It’s certainly an important summer for Steelheads All-Rookie goaltender Landon Bow. After bursting onto the pro scene in his first season with one of the best campaigns ever put together by a Steelheads goalie, Bow caught the attention of the entire Dallas Stars organization. Last weekend he took to the ice with other rising Stars to continue making his case for an NHL roster spot in the future.
The Stars hosted their annual development camp in Frisco, Texas last week, gathering together recent draft picks and prospects for a few days on the ice, along with some off-ice testing. Bow had been there last summer, a summer in which he had wrapped up his junior career and signed a two-way AHL contract with the Texas Stars.
One year later, Bow now has an NHL contract with Dallas and a different feel on the ice with Dallas’ other top prospects.
“It was different this year in the sense that I was a little more comfortable in the organization. I’ve been a part of it now for a whole season,” said Bow, who also played 16 games last season in AHL Texas. “Last year coming in, I didn’t know too many people and I was never drafted, so I didn’t go through that process with the other guys my age. This year I knew a little more going in and I prepared myself better.”
That doesn’t just mean knowing the other players, but also the coaches throughout the organization who are going to play important roles in his continued development.

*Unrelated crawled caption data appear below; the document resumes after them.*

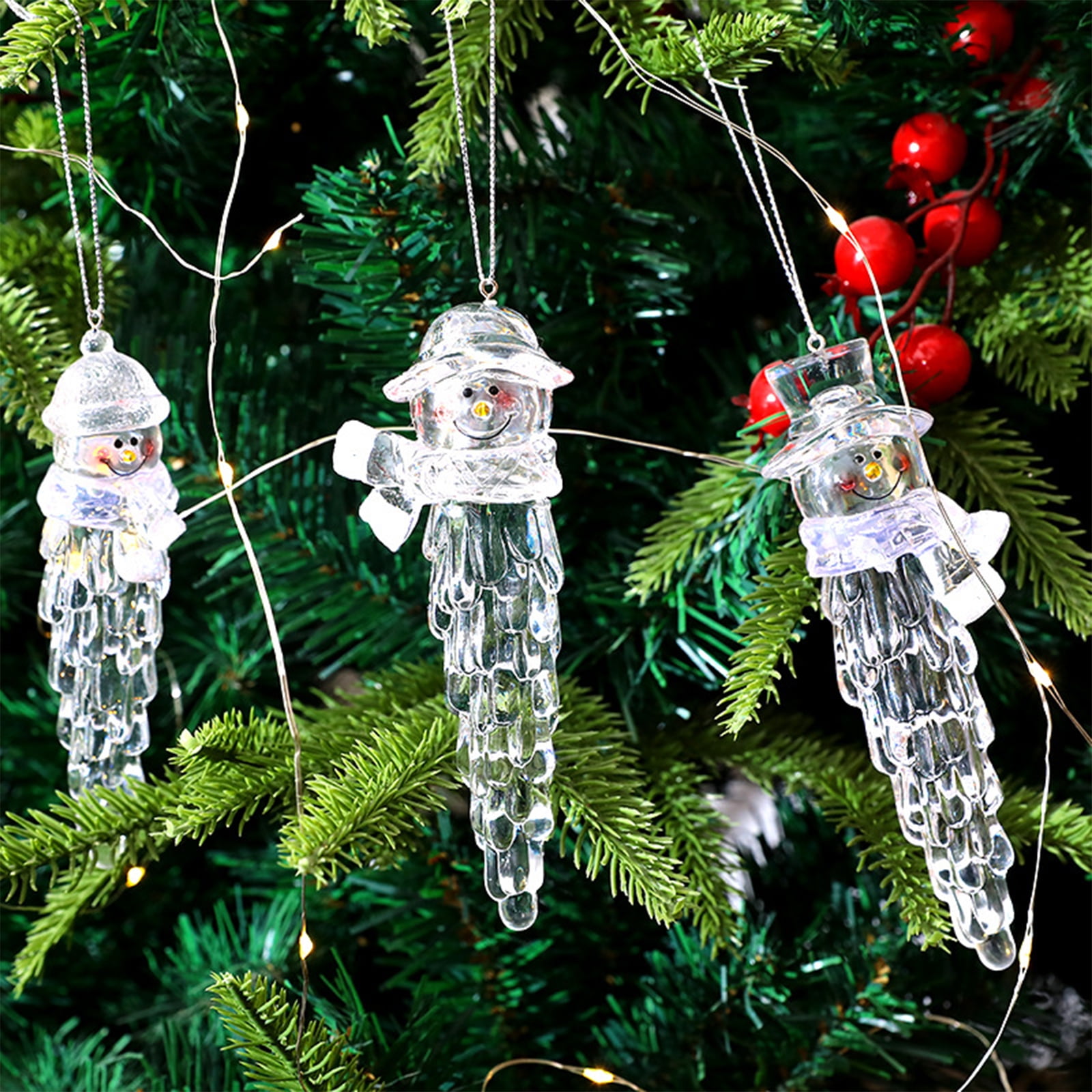 Set of 12 Icicle Vintage Christmas Tree Decorations Xmas Ornaments Hanging 14cm Set of 12 Icicle Vintage Christmas Tree Decorations Xmas Ornaments Hanging 14cm
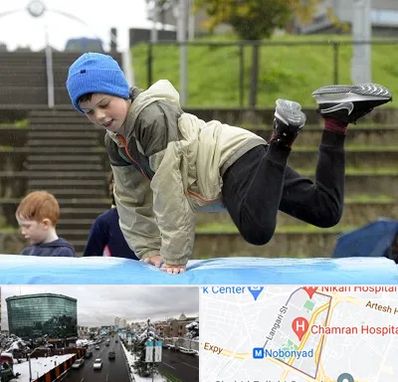 باشگاه پارکور کودکان در اقدسیه 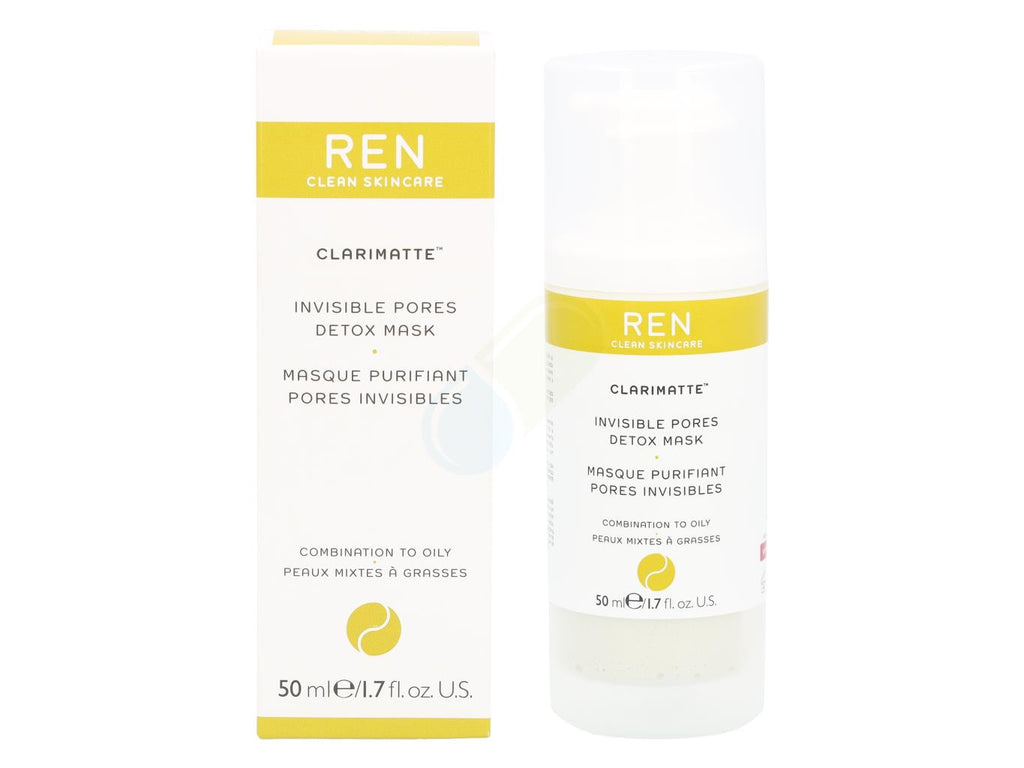 REN Clarimatte Mascarilla Detox Poros Invisibles 50 ml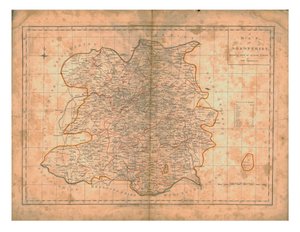 シュロップシャーの地図、c1788 作： John Haywood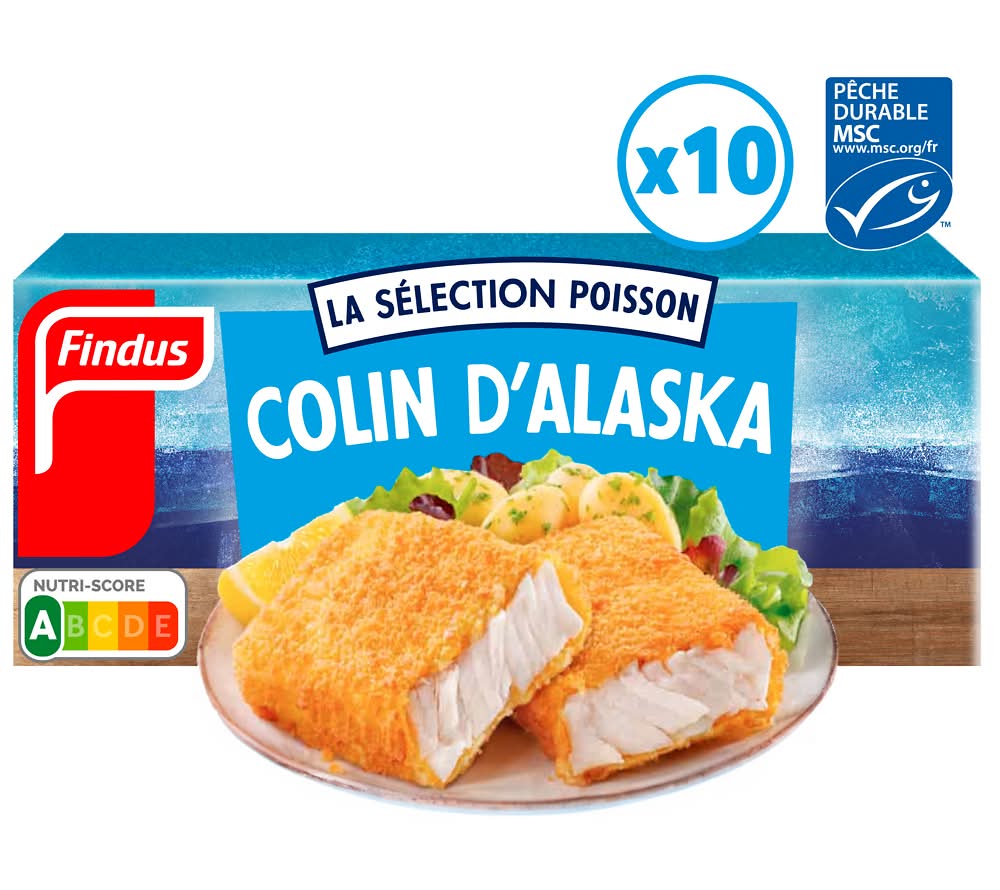 Findus - Filets de colin d'alaska panés (10)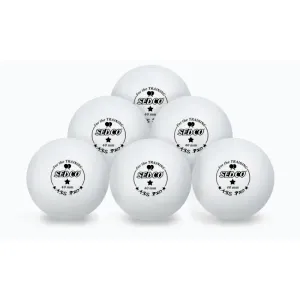 Sedco Míčky na stolní tenis for TRAINING 1* CELL FREE 6ks - Bílá obraz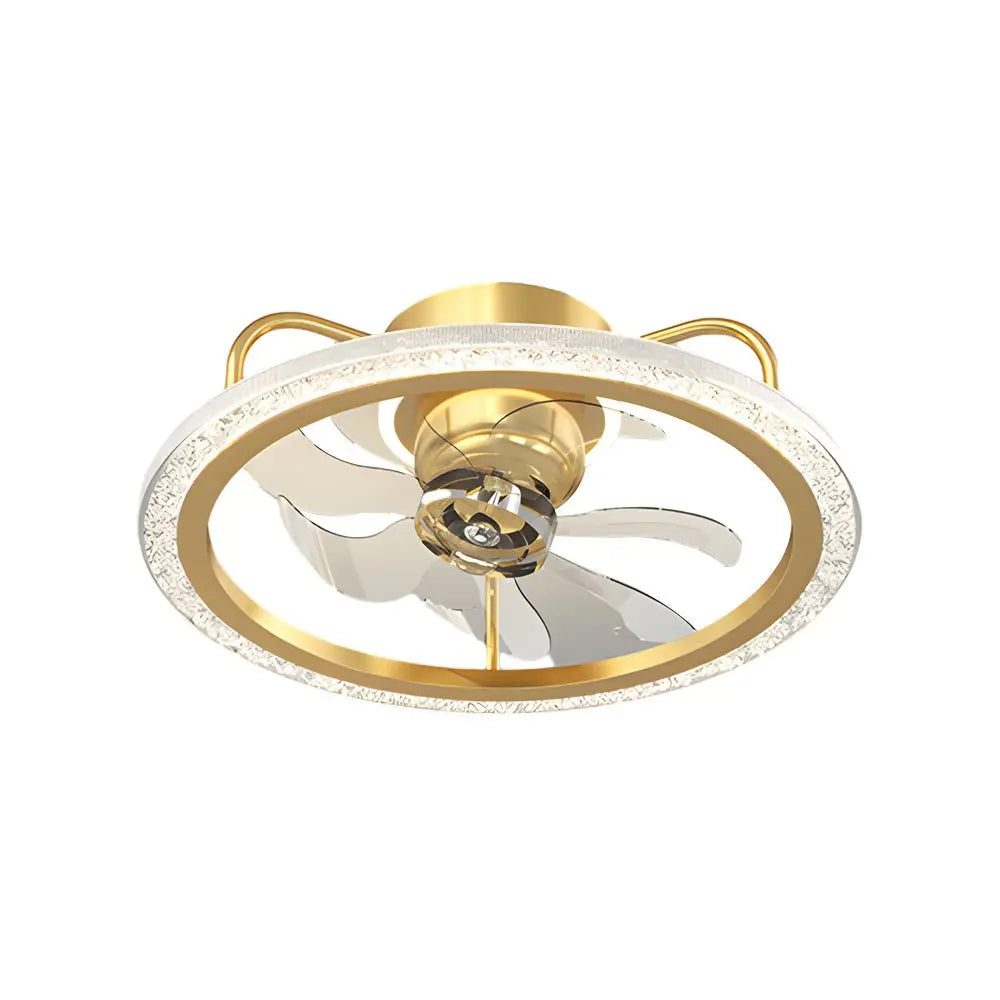 Modern 360° Shake Head Ceiling Fan with Light - Creative Design and 3-Step Dimming Luxe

Bow said that the camp was chiefly run on the ice by Texas Stars coaches, in addition to a coach from the Swedish Elite League and a professional skating coach. The goaltenders had the benefit of working with Dallas goaltending coach Jeff Reese and Texas goalie coach Jim Bedard.
“Development camp is all about getting back to basics. A lot of guys will have skated only a handful of times before coming to camp,” said Bow, noting that there was a great deal of focus on skating. “When you go in there it’s about getting everything back and getting a good feeling on the ice again.”
Off the ice, in addition to fitness testing and workouts, the Stars also make an effort to teach the young players what being a professional entails. Having been around the block for a year already, Bow had a better understanding of those seminars this time around.
“This entire past season, learning the ups and downs of professional hockey and what it takes to be a pro, that really helps you prepare for when you come in here,” said Bow. “They’re not just talking about all the on-ice and off-ice stuff that you have to do but also the life lessons you learn playing pro.”
“I can relate now, and it’s kind of cool to be an older mentor in a way for some of those young guys.”
It seems out of place to call a second-year pro still awaiting his 22nd birthday as one of the seasoned veterans. But at this camp, with many players hearing their names at the draft podium just over a week prior, Bow was just that.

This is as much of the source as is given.